Torque is another word for moment. What were you taught about calculating moments? What do you need to know in order to figure out their magnitude and direction?

Ah okay thanks, so for moments its = force x perpendicular distance from line of action to the pivot. For direction, here's an example I know:

And for the principle of moments Sum of CWM= Sum of ACWM for a body in equilibrium

ols500 said:
Ah okay thanks, so for moments its = force x perpendicular distance from line of action to the pivot. For direction, here's an example I know:

View attachment 300856
Great. You have two forces acting on the sliding block, the pushing force ##P## and the force of friction ##f##. You are not asked anything about the moment of ##P## so you don't care where it is applied. To find the magnitude moment of the frictional force ##f##, you need
1. the size (magnitude) of ##f##
2. the perpendicular distance from the CoG to where ##f## is applied.
Do you know these? What are they and why?

To find the direction of this moment, ask yourself this question, "if ##f## were the only force acting on the block, would the block rotate clockwise or counterclockwise?" That is always a good question to ask when trying to figure out the direction of moments.

Lnewqban
ols500 said:
...
Hi so with this question, I am really confused. Even from the start. Like it doesn't tell us where the force is acting on. From top of block, middle of block etc? And I know how to determine the direction of moment for something on a pivot, not in this scenario though. The answer is A. They did 200N x 0.75M = 150NM and somehow this is clockwise.
Welcome!
What else is still confusing you?

Where the force of 200 N is acting on is not important in this particular case.
What is important is the result of the application of that force: horizontal movement toward the right, with constant velocity.

Therefore, we can now that the friction force is of equal magnitude and opposite direction, which of course is located on the bottom surface of our block.

You have learned how to determine the direction of moment for something on a pivot; nevertheless, moment can still exist for things that do not have a pivot, or that are restricted from rotating.

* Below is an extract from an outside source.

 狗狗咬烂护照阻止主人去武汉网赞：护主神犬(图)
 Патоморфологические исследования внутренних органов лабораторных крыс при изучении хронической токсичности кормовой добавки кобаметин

This is the case of our block, it is not rotating or falling forward.
If it would, it would rotate about its center of gravity.
We still have a "latent" moment that growing big enough, could induce that rotation.
That moment is the friction force x perpendicular distance from line of action (rough surface) to the pivot (center of gravity).

ols500 said:
Homework Statement:: Moments
Relevant Equations:: Moment= Force x Distance

it doesn't tell us where the force is acting on. From top of block, middle of block etc?
As others have advised, you do not need to know where on the block the force is applied since you do know where on the block the frictional force acts. However, you will need to assume the applied force is horizontal: that should have been stated.

jbriggs444
Lnewqban said:
This is the case of our block, it is not rotating or falling forward.
If it would, it would rotate about its center of gravity.
Thank you this made sense now, like if the force pushing it forward suddenly stopped, the frictional force would "rotate" it forward, so from the questions point of view this is clockwise.

Lnewqban
Hi so would this be a correct diagram?

Not quite. Does it look like the sum of the moments about the CoG is zero? You are doing more than the problem asked, so this has become a learning experience.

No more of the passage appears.